Barbara Slavich is Full Professor at IÉSEG School of Management, France. Her research focuses on the emergence and dynamics of new categories; organizing for creativity and innovation; intangible assets and audiences’ evaluations; creative industries. Barbara’s work has been published in several academic journals, including ‘Organization Studies’, ‘Industrial and Corporate Change’, ‘European Management Review’, ‘Research in the Sociology of Organizations’, ‘European Management Journal’, and ‘Journal of Business Research’.
Giulia Calabretta works as an Associate Professor in Strategic Value of Design at the Faculty of Industrial Design Engineering at Delft University of Technology, The Netherlands. Her research explores the intersection of (strategic) design, management, and innovation, and focuses on understanding how design practices can be permanently integrated in the innovation strategy of companies. Giulia’s work has been published in several academic journals, including ‘Organization Studies’, ‘Journal of Product Innovation Management’, and ‘Journal of Business Ethics’.

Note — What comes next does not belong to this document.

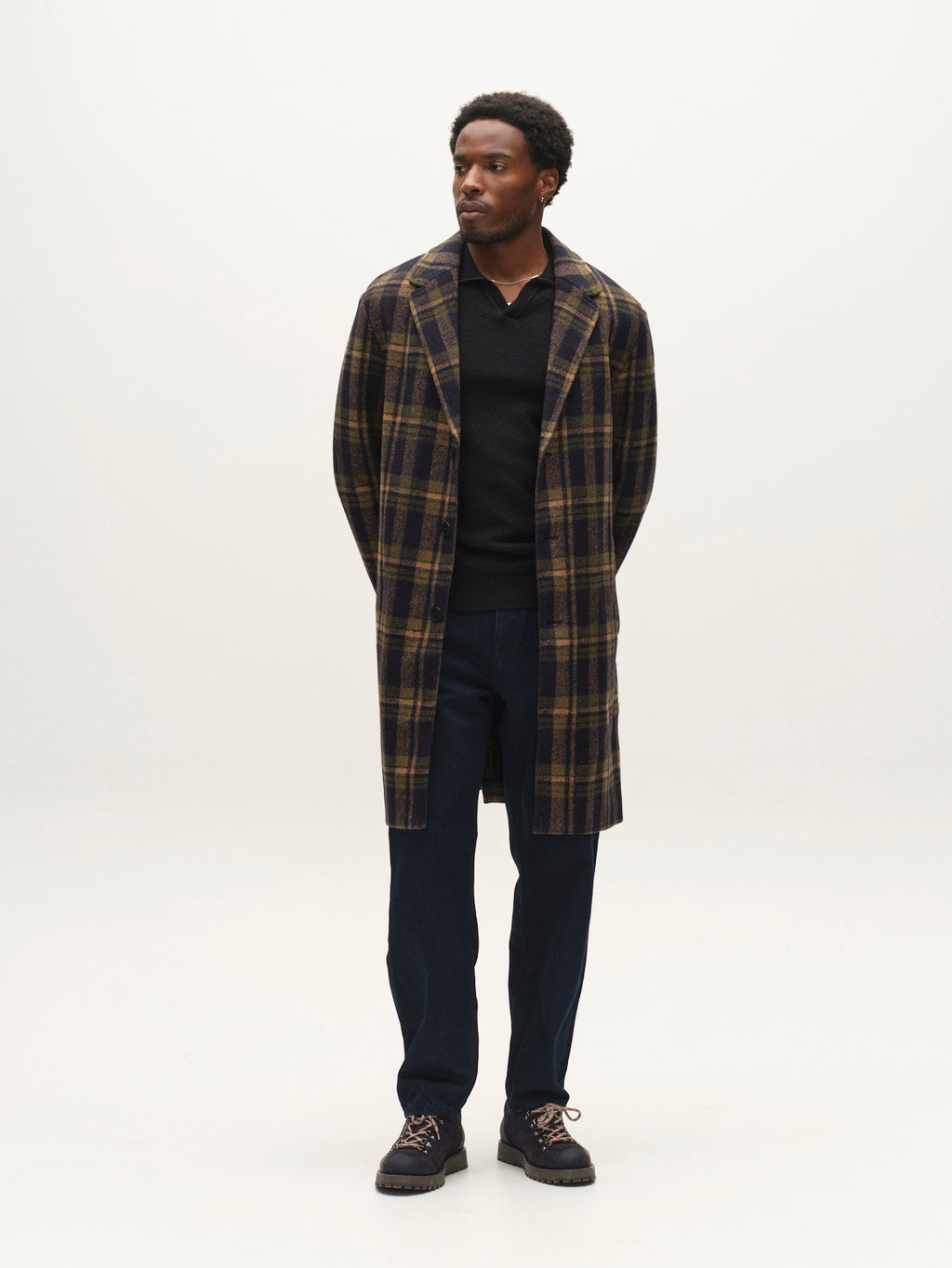 A man stands facing forward, wearing the Gabba GABleeds Chezy Coat in Forest Night, a wool-blend checked coat with a tailored silhouette, layered over a dark shirt and navy pants with dark shoes. His hands are placed behind his back as he gazes slightly to the side against a plain light background. This outerwear essential from Gabba adds timeless style to his look.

Natalja Laurey is an Assistant Professor in Anthropology of Design, Organization & Work at the Faculty of Industrial Design Engineering at Delft University of Technology, The Netherlands. Her research focuses on identity, occupation and work of creatives, and is particularly looking at the constantly evolving occupation of design in organizations.